まあ、ぶっちゃけた話これでも一流どころ相手だとちと厳しいでしょうからな、引き続き予算の申請と訓練は続けていく所存っス。……特に現在出張ってきている有名所相手だと、もたないというか勝負にならない可能性が高いっス(*2)。逆に言えばそういった化けものサン達以外なら大体守ってみせますがね。
というわけで防衛部隊と一緒に霧谷サンからの肝入りで増援が来たっス。また随分と人員が増えましたな、仮想敵やら毎度毎度の事件のクオリティやら考えるとさっぱり安心感が出てこないのが那珂沢くおりてぃ。
現役の中2ですからちっと子供っぽい面も見られますが、だがそれがイイ…………ま、言い始めれば私とそう年も変わらないっスからね。でもなんでしょうかな、この胸を駆け登ってくる衝動は。可愛らしいっスねぇ、強いていうなら支部長サンを弄ってる時の胸の高鳴りが常時発動してるような感じですかな。
それに資料を見る限り確実に私より戦闘力は高いはずっス。しばらくの間は“くれいじーたうん”な那珂沢の現実に凹むこともあるかも知れないっスけど、少年その2に悪いところは一片もないはずっス。あまり落ち込まないで欲しいっス。
……まあ、早速ヤバイのに当たってちと凹んだっぽいですが、なにやらいつの間にか回復してる様子。若さですかな、善きかな善きかな。まったく霧谷サンはこういうまっすぐな子を引っ張ってくるのが異様に上手くて困りますな。

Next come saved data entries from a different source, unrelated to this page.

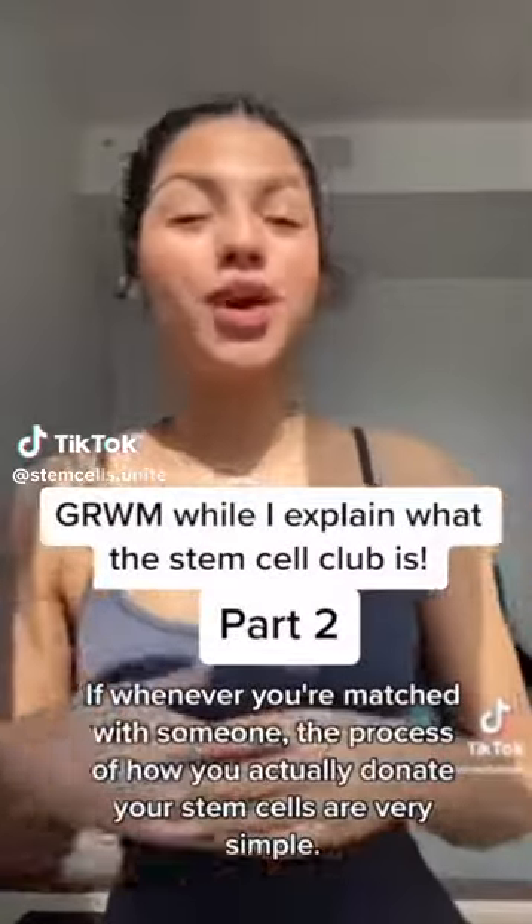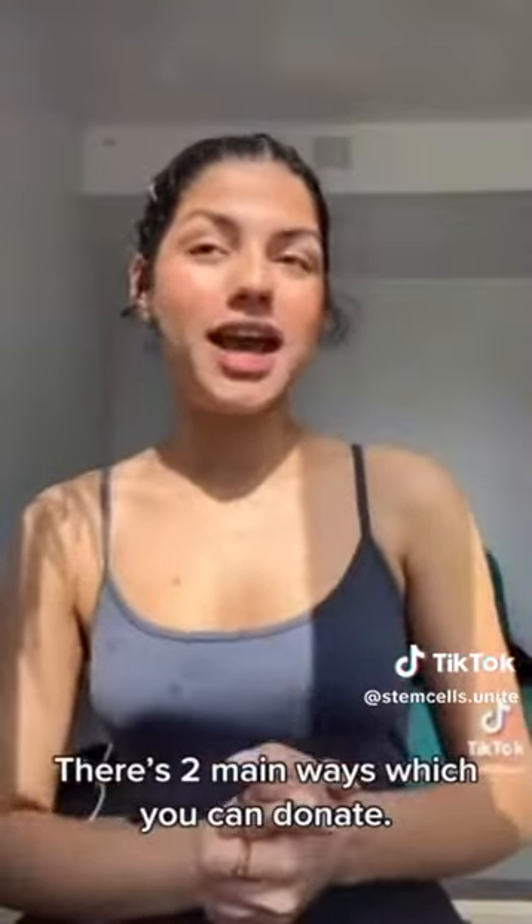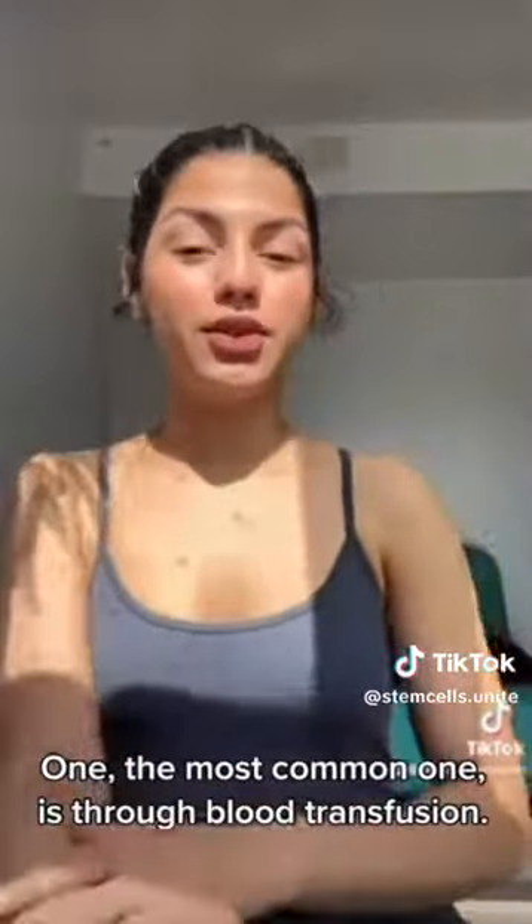Whenever you're matched with someone, the process of how you actually donate your stem cells is very simple. There are two main ways which you can donate. The most common one is through a blood transfusion. You will be hooked up to an IV and it will transfuse your blood and separate the cells from your blood, your blood will be returned back into your body, and the cells will be taken.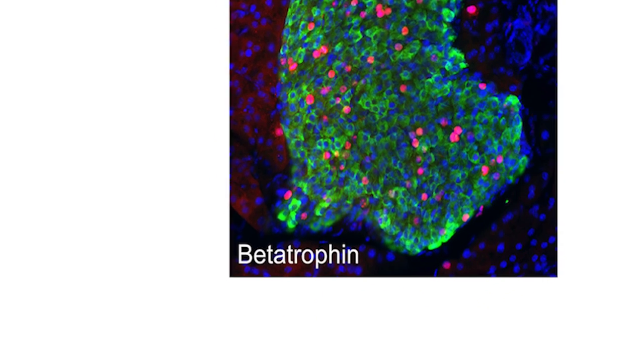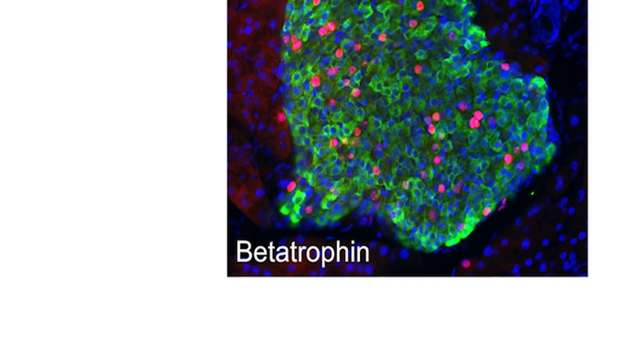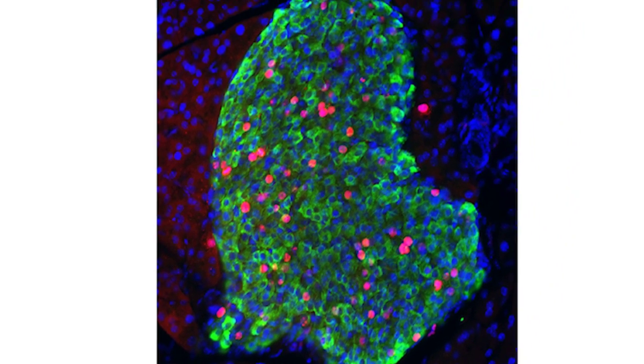When we discovered this gene, we called it beta-trophin. We've done the work in mice, but of course we're not interested in curing mice of diabetes — it's only important to us if it exists in humans. We now know the gene is a human gene. We've cloned the human gene, and moreover, we know that in human serum or in human plasma, the beta-trophin protein, this hormone, exists.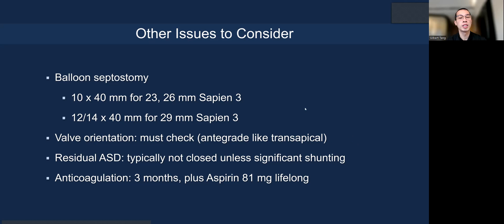For balloon septostomy, from 23 to 26 mm valves, a 10 to 12 mm balloon is usually sufficient depending on septal compliance. For a 29 mm valve, we typically go up to 14 mm to allow the larger valve to cross without getting stuck. Orientation must be checked. We typically don't close the residual ASD unless there is significant shunting. We anticoagulate these patients for three months, similar to standard surgical mitral valve replacement, then transition to baby aspirin.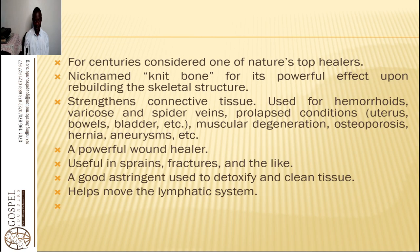Comfrey strengthens connective tissues and is used for hemorrhoids, varicose and spider veins. If you have a prolapse condition of the uterus, bowels, or bladder, or if you have muscular degeneration, osteoporosis, hernia, and aneurysms, comfrey can help. The phytochemicals and antioxidants found here make it very powerful in strengthening every organ. It has a lot of calcium, which is a lead mineral in the body, and it carries with it all the minerals the body needs so that the tissues, muscles, and flesh can be strong enough to build itself and remove toxins.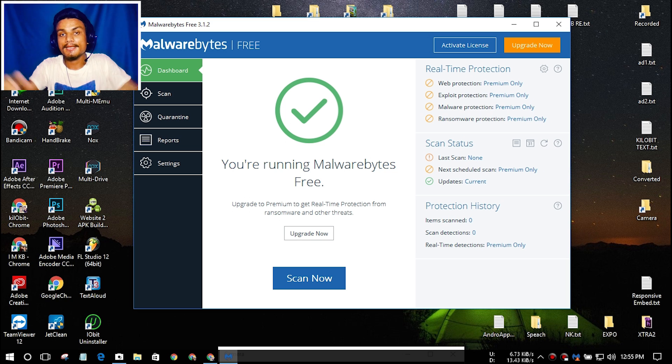Maybe you're wondering why Malwarebytes or SpyHunter 4 is the best. The simple answer is that it is very powerful. You can read reviews on the internet — just search Malwarebytes and read the reviews. It is a really popular and loved antivirus by many people.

正確には別に奪い還す、じゃないっスけどね。ともかく神代が作ってる融合兵器のキーになる実験体の情報が得られたのでそやつを保護しようという話の流れっス。まったく放っておいてくれればまだ話が楽なのにドイツもコイツも勝手に話に絡んできて困ったものっス。
1)ギルドの場合/
う~ん、どうもその実験体をこっちがゲットして戦力増強されるのが困ったらしく。あわ良くば確保、ダメなら始末するように配下サンを動かしていた様子。まあ、ジーンサンが察知して上手く話し合いで収めたっぽいですが……それだけにこの結果は後がちと怖いですな。
2)防衛隊の場合/
思ったよりも素直に協力してくれたっス。けれど、先日の件(*3)でFHにかなりやられた影響で万全の状態には無いようで。キシュウサンがひとりで応援に来てくれて、結局忍び込む時に陽動役を務めてくれたっス。葵サンが面会に行った限りではクロエとかいう上役サンは今回の結果をさほど気にしてないっぽいですが。まあ、だから一安心というわけにも行かないのが困ったところっス。
3)FHの場合/
こいつらが今回は本腰入れて実験体の確保に動いてたのが面倒ごとになった最大の要因っス。しかも強引にほぼ正面突破で行くのかと思いきや、情報工作のフェイクを入れてひと手間早い段階でこっそり内部潜入を果たしていたとか。あやうくそもそも出し抜かれて持っていかれるところだったっス。さて、帰ってきた皆さんの反応を聞くにその実験体の少女とやらを悪用する気はなさそうな雰囲気だったらしいっスけど……。ともあれマスターブレイズのみならずセルメンバー全員揃うとかなり大概な戦闘力だったようで。一応、前回の件とあわせてこれで一勝一敗っスか?まあ、とてもそんな気分じゃないかも知れないっスけど、次の機会にやり返せばオールオッケーっスよ。あんまり大した損害被ったってわけでもないんですから、頑張って切り替えましょうぜ。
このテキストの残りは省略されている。